Une espèce placée dans un environnement se développe jusqu'à rencontrer des limites : si c'est une espèce sans prédateur, elle se développe jusqu'à ce que l'environnement cesse de subvenir à ses besoins. Si c'est une espèce dotée de prédateurs, elle se développe jusqu'à ce que les prédateurs reprennent le dessus. Ce n'est qu'une conséquence des lois de la biologie. Le système finit par atteindre un état d'équilibre, ou un cycle, dans lequel les populations de proies et prédateurs suivent deux courbes liées et périodiques.

Mais l'espèce humaine n'a pas encore atteint son état d'équilibre.

Est-ce la faute de la biologie ? De la physique ?

Nous avons été arrêtés par une barrière. Mais notre échec venait-il de notre nature, ou de la nature elle-même ?

Wos Koppeling, Journal


Seule la moitié Sud d'Istrecht était emmurée, telle une carapace de tortue, et cette limite avait forcé les habitants à chercher des hauteurs toujours plus précaires, rivalisant d'ingéniosité pour empiler les étages en résistant au vent.
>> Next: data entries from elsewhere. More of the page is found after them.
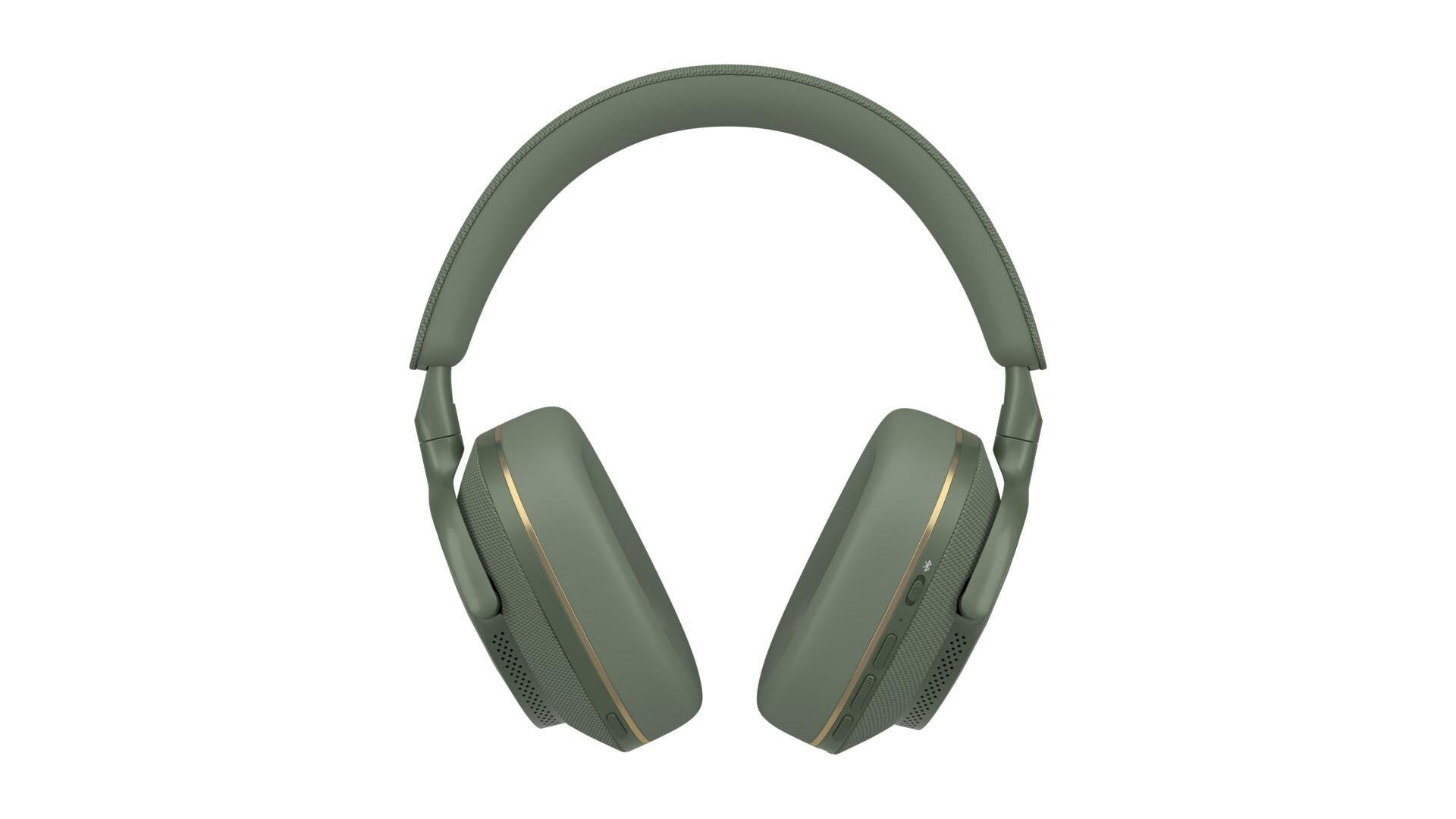 Bowers & Wilkins Px7 S2e Over-Ear Verde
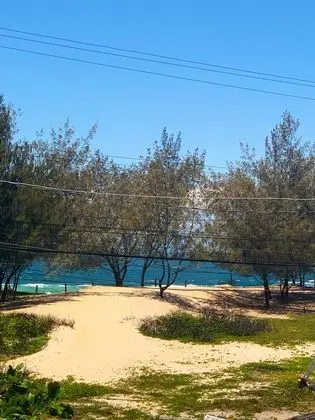 Casa Campeche - 100m da Praia - Oda Manzaraları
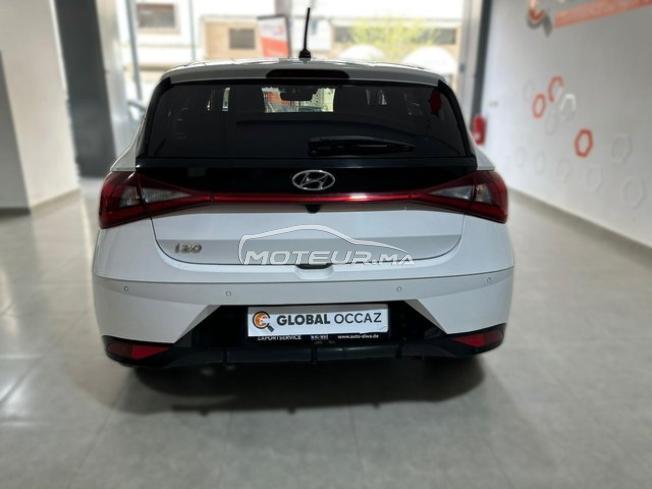 Hyundai i20 Essence Automatique 2023 à Casablanca
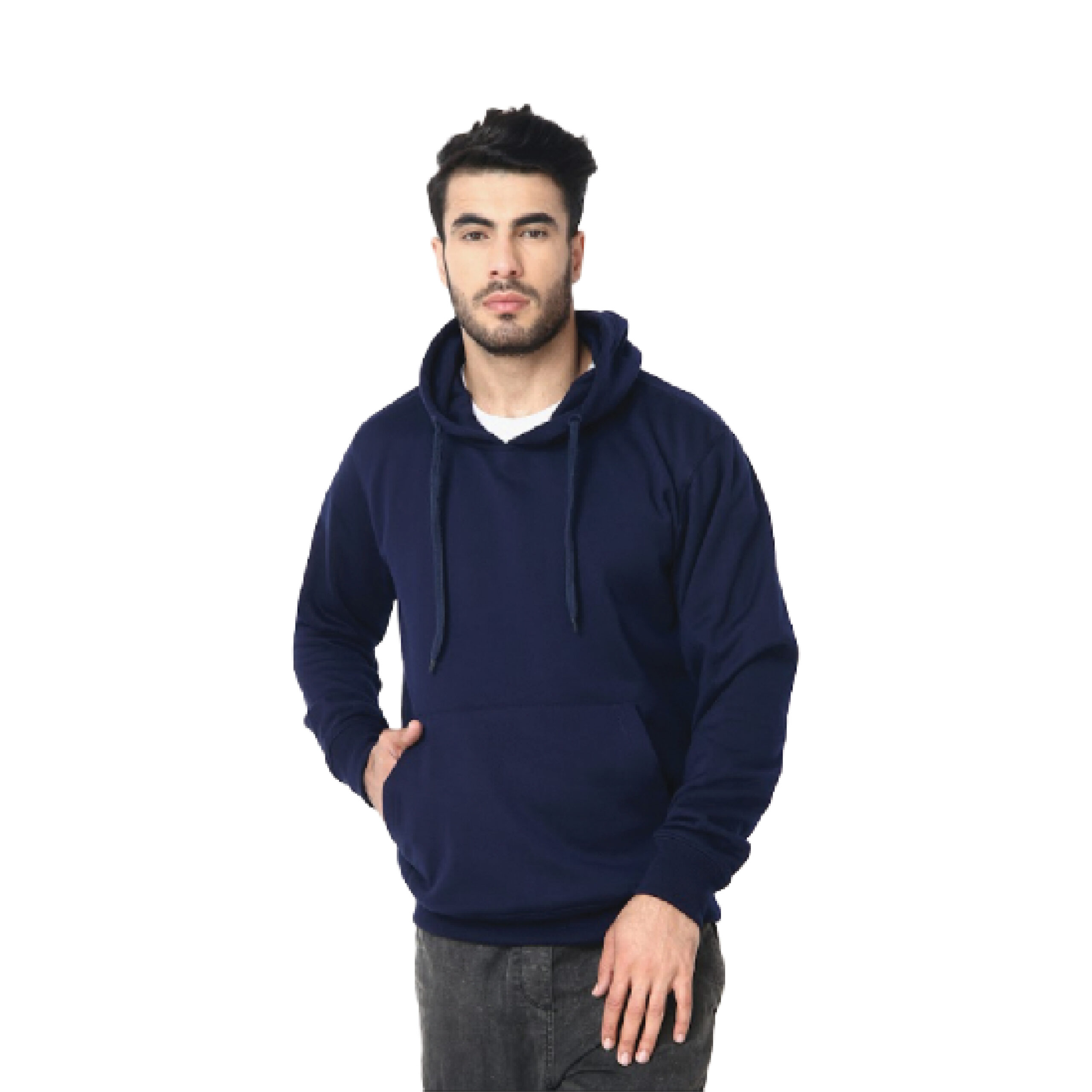Swiss Military Adrenaline Hoodie -Black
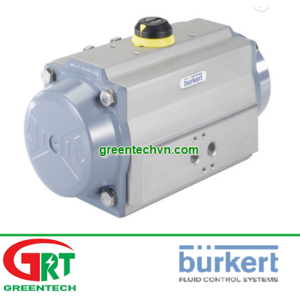 2051 | Burkert 2051| Bộ điều khiển van bằng khí nén Burkert 2051 | Burkert Việt Nam
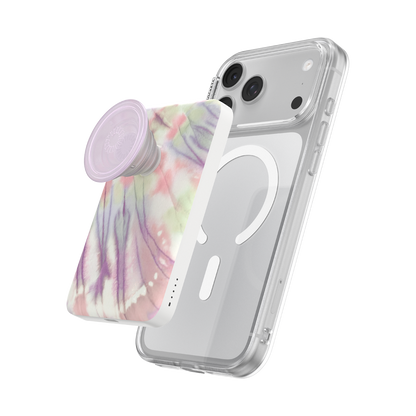 Coastal Tie-Dye Purple — MagSafe PowerPack - US 30127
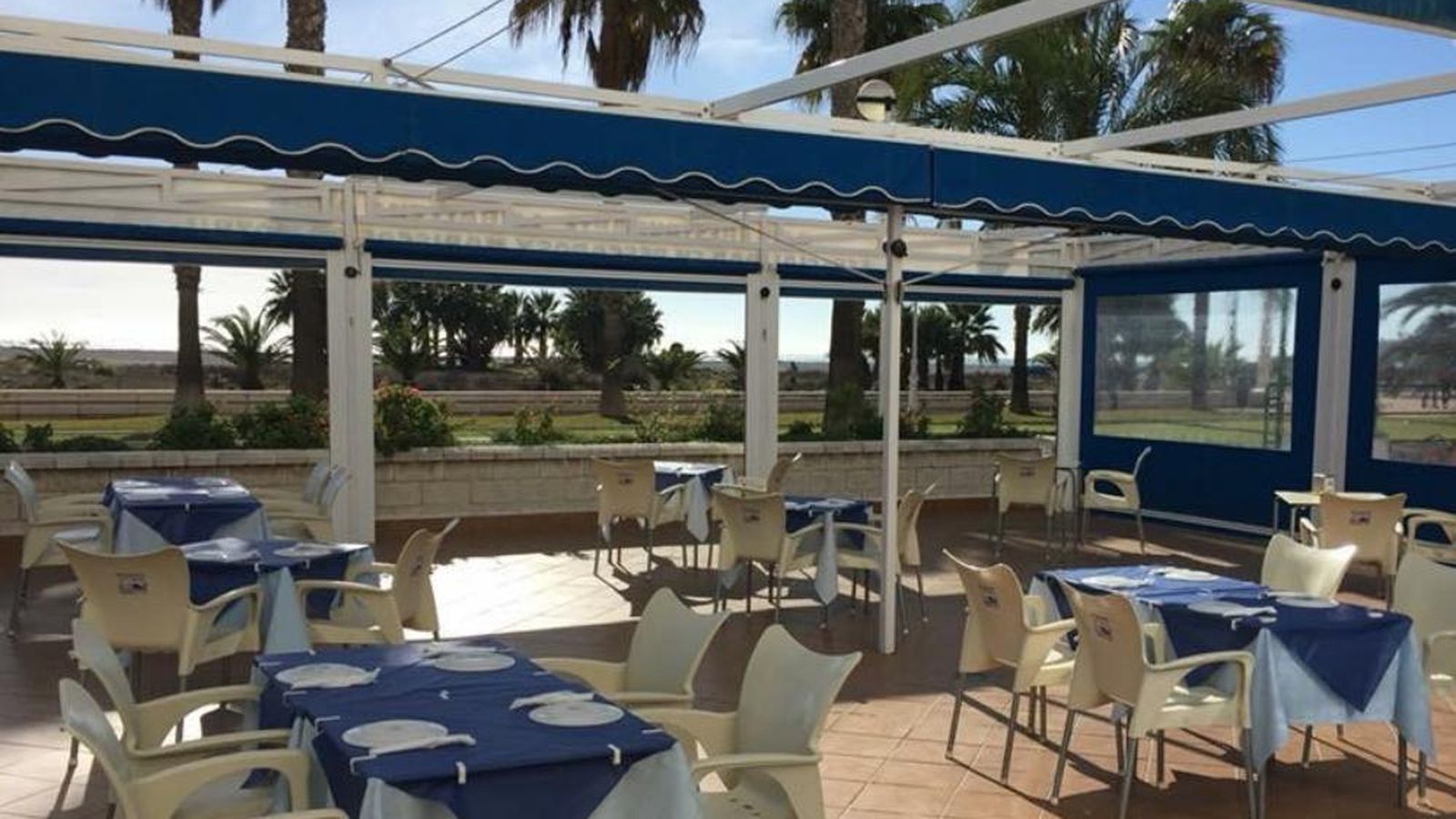 Restaurante Ballena Azul en Motril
De ces sommets imposants se déversait une vague de briques rouges qui s'étalait sur la moitié Nord en quartiers plats et interminables comme un discours d'entrée à l'Académie.

Les Gardes avaient établi une série de barrières, mais assoupli les contrôles, et le quartier bruissait des allées et venues interminables de ceux qui fuyaient, et de ceux qui étaient venus s'y réfugier. Le cheval d'Ineke Lauwer, ou peut-être ses sourcils exagérément froncés, leur permirent de se frayer un chemin à travers la foule. Sur un marché pris d'assaut, un commerçant vendait aux enchères son dernier sac de farine. Un homme arpentait les rues en appelant son chien. Un crieur public le suivait d'un pas un peu gauche, tel un ivrogne inspiré ; il énonçait les directives laconiques de la Garde, qui recommandait aux honnêtes gens de rester chez eux.

« Commandante Lauwer !

— Holt ? Qu'est-ce que vous voulez ? »

Plié en deux, le soldat reprenait son souffle. C'était un homme épais comme deux Fulberts, et pour cette raison sans doute, on avait jugé bon de le charger d'un sac de munitions qui faisait à peu près le poids et le volume de Mû. Du moins, selon les estimations du Paladin, que nous reportons par souci d'exactitude historique.

« Ils sont arrivés. Ils attendent devant les portes. Et la vice-reine vous a demandé.

— Merci, Holt. Je m'occupe de tout.

— Qui est arrivé ? demanda Fulbert.

— Des imprévus. »

Ils montèrent un chemin de pavés aux bord duquel les maisons semblaient avoir poussé au hasard, comme les arbres de la Forêt Changeante. Leurs volets étaient peints d'un jaune aussi cru que le rouge des briques, vaguement écœurant, comme un tartare tartiné d'œuf frais.

Tout compte fait, Istrecht Nord avait son mur. C'était une frontière révolue tout juste bonne à servir de soutien à une marée de vigne vierge et quelques maisons glutineuses. Mais la lourde herse de fer était bien abaissée. Posté sur les créneaux, un homme à cape jaune flottante, tel le bouffon faisant l'acrobate sur une corniche, criait que personne n'entrerait sans laissez-passez, que ce n'était pas sa faute, et que ça ne servait à rien d'en appeler à ses sentiments. En contrebas, un attroupement de badauds se dispersait avec force soupirs excédés et haussements d'épaules, car si les humains ont bien un seul point commun avec les chats, c'est qu'il suffit de fermer une porte pour qu'ils aient soudainement envie de se rendre de l'autre côté.